Minhas andanças em busca de referências outras em trabalhos de grupo levaram-me a cair de boca nos textos escritos por Eugenio Barba em seu Odin Teatret, hoje com sede na Dinamarca (onde está a Mafe Vomero, estes dias, fazendo uma oficina). Mas no livro já citado - Teatro - Solidão, Ofício, Revolta - Barba não abre espaço quase nenhum a falar de prática, de métodos, do trabalho em suma desenvolvido por seu teatro. Claro, para quem, como eu, busca referências que possam ajudá-lo a conduzir suas próprias práticas, o livro de Barba parece mais uma simples tomada de posição ideológica, e por isso não parece ajudar muito.
Foi com o afã de entender algo do que é desenvolvido lá naquele grupo que comprei este livro de uma das atrizes do Odin. Mas a primeira impressão, após comprá-lo, não foi definitivamente boa. Pois pareceu-me o livro - ao menos no começo - uma simples compilação de rememorações de trabalhos feitos com o Odin e não especificamente de mostrar como o trabalho dos caras se desenvolve.
Com essa impressão acabei deixando o livro um pouco de lado.
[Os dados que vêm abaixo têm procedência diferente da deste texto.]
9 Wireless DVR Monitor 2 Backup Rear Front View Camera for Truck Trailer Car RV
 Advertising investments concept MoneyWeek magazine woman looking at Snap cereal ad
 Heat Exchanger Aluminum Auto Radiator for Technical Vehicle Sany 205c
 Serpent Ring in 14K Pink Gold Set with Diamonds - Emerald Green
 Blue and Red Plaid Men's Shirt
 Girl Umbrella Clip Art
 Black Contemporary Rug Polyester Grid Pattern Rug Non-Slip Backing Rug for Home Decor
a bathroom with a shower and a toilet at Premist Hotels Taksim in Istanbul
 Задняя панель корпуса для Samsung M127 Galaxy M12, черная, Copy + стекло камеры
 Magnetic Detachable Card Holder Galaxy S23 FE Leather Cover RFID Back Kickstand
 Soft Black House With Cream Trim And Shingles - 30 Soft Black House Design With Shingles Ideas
Mas, como sempre acontece, acabei desenvolvendo reflexões próprias que por coincidência levaram-me de volta ao livro do Barba e agora ao da Varley. Essas reflexões eu pus num artigo que publiquei hoje mesmo. No caso, as posições de Barba levaram-me a entender o lugar próprio do teatro enquanto arte; já as leituras ao acaso no livro da atriz do Odin levaram-me a descobrir que não é só nos meus tratos com minhas atrizes que realmente a gente enfrenta dilemas que podem afetar - e normalmente afetam - o trabalho em si.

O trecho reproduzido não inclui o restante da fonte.